= ACTIVITY =
Reproduce exactly the run of lines that begins with the one containing "First, let's verify" and ends with the last line of the records, omitting pictures.

= Items from a data source =
========================================================================

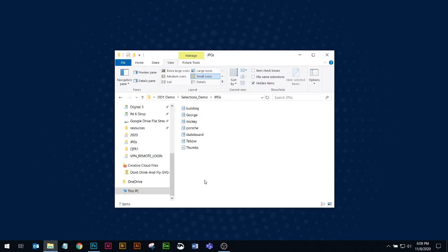When you're in Windows File Explorer there are a lot of different ways to get information about the files that you're working with.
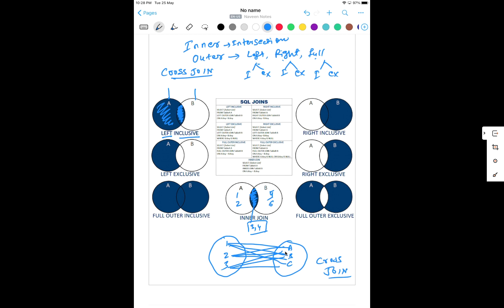Left exclusive means you remove the intersection part completely — I don't want it. I also don't want the right table. So from the left-hand side, exclude whatever is in the intersection part. This is called left exclusive. We can give any name — A and B like that — to left table and right table.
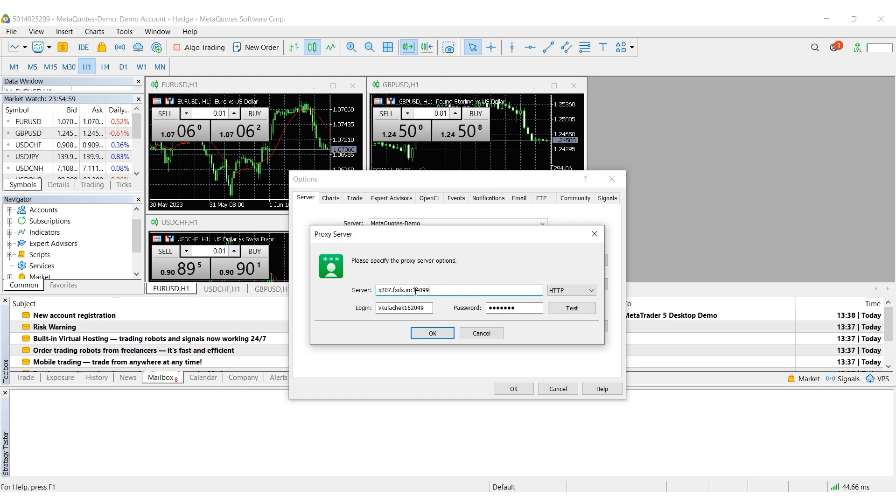If you have a personal proxy, then enter the login and password in the fields below. Click on test to check the proxy's functionality. If your proxy is working, then you will see a corresponding notification.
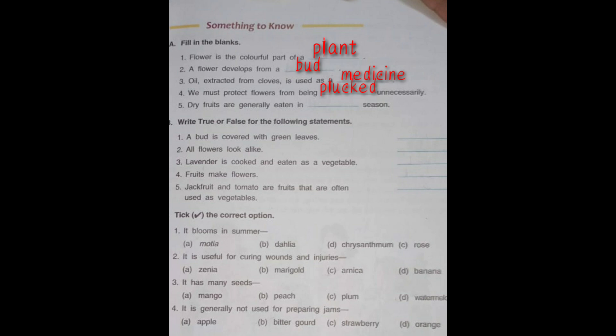Number 5: Dry fruits are generally eaten in dash season. In which season do we eat dry fruits? Yes, dry fruits are generally eaten in the winter season — W-I-N-T-E-R, winter season.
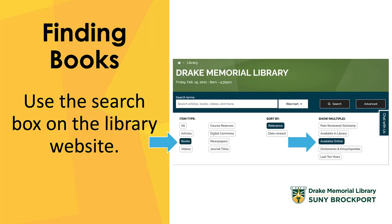If you're looking to find books, you're going to start on the library homepage. Use the search box, open the filter sort button, choose books as item type, and available online if you want to limit to ebooks.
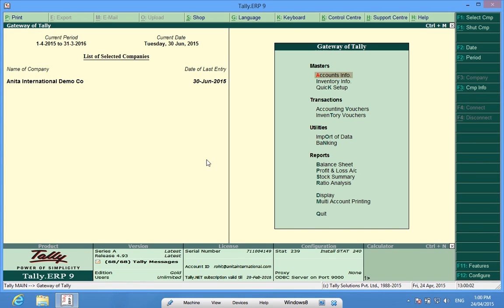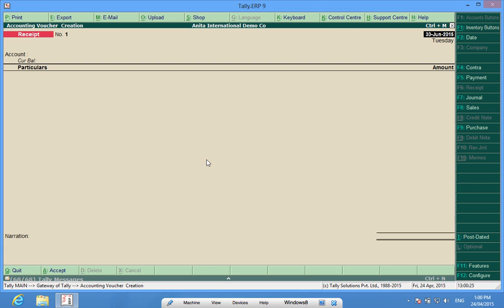Good morning, I'm Rohit, and today I will help you create bank check paying deposit slips in Tally. I have opened a company, Anita International Demo Company, and I will go to accounting vouchers and make some check receipts.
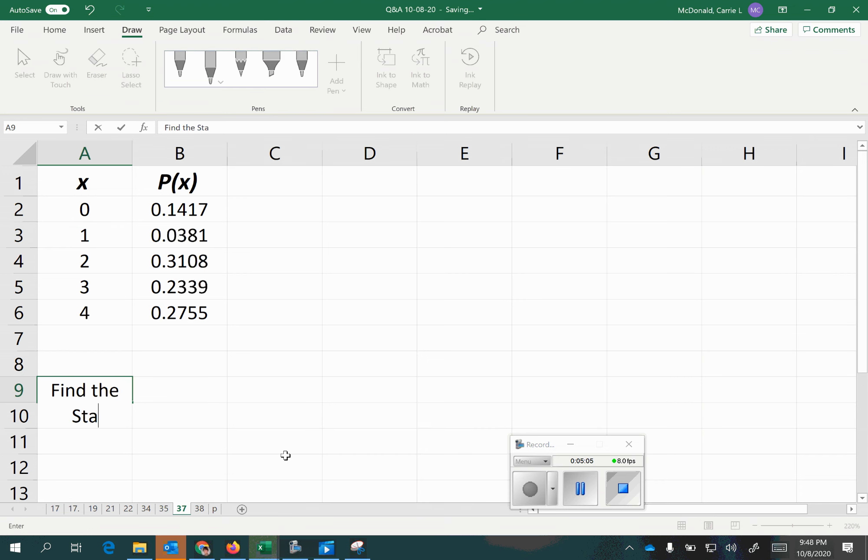First, let's verify that it is a probability distribution — all probabilities are between 0 and 1, and adding them all together gives 1. Now we'll calculate the standard deviation. The formula is: sigma equals the square root of the sum of each x value minus the mean, quantity squared, times the probability of that x value. So we need the mean first in order to calculate the standard deviation.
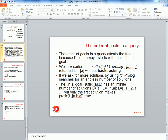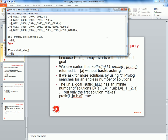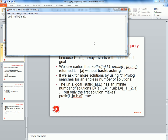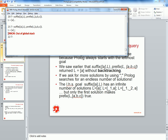We talked about earlier that the order of goals in the query affects the result. Notice that when we did our earlier query we got a single result: l is equal to a. When we hit enter and ask for more solutions by hitting semicolon, it seems Prolog is trying to find more solutions, but finally we get an error which says 'out of global stack'.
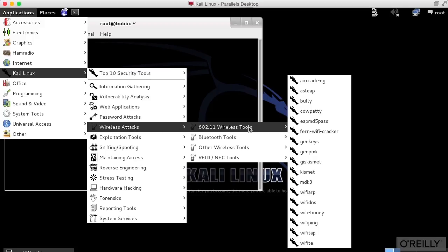If it doesn't, we can use the apt utilities in order to install different utilities that we may need. But for the most part, everything that we're going to be using is already here and installed. So you've got everything you need.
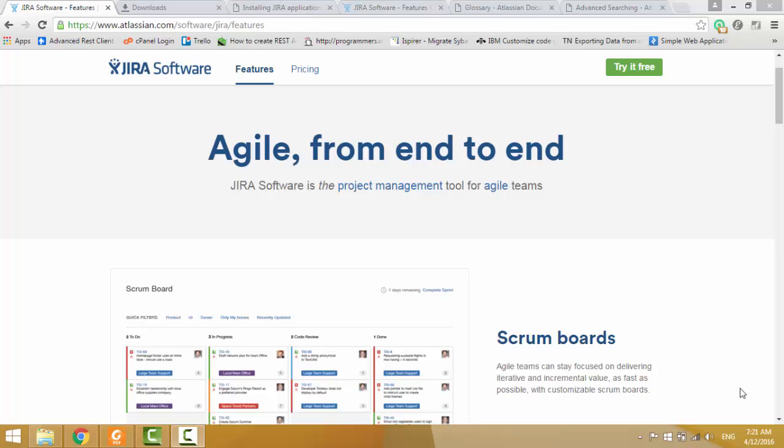Hi, I am Hasika. Today I am going to talk about JIRA software. First we see what is JIRA.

========================================================================

= ANSWER SECTION =
First, let's verify that it is a probability distribution — all probabilities are between 0 and 1, and adding them all together gives 1. Now we'll calculate the standard deviation. The formula is: sigma equals the square root of the sum of each x value minus the mean, quantity squared, times the probability of that x value. So we need the mean first in order to calculate the standard deviation.
We talked about earlier that the order of goals in the query affects the result. Notice that when we did our earlier query we got a single result: l is equal to a. When we hit enter and ask for more solutions by hitting semicolon, it seems Prolog is trying to find more solutions, but finally we get an error which says 'out of global stack'.
If it doesn't, we can use the apt utilities in order to install different utilities that we may need. But for the most part, everything that we're going to be using is already here and installed. So you've got everything you need.
Hi, I am Hasika. Today I am going to talk about JIRA software. First we see what is JIRA.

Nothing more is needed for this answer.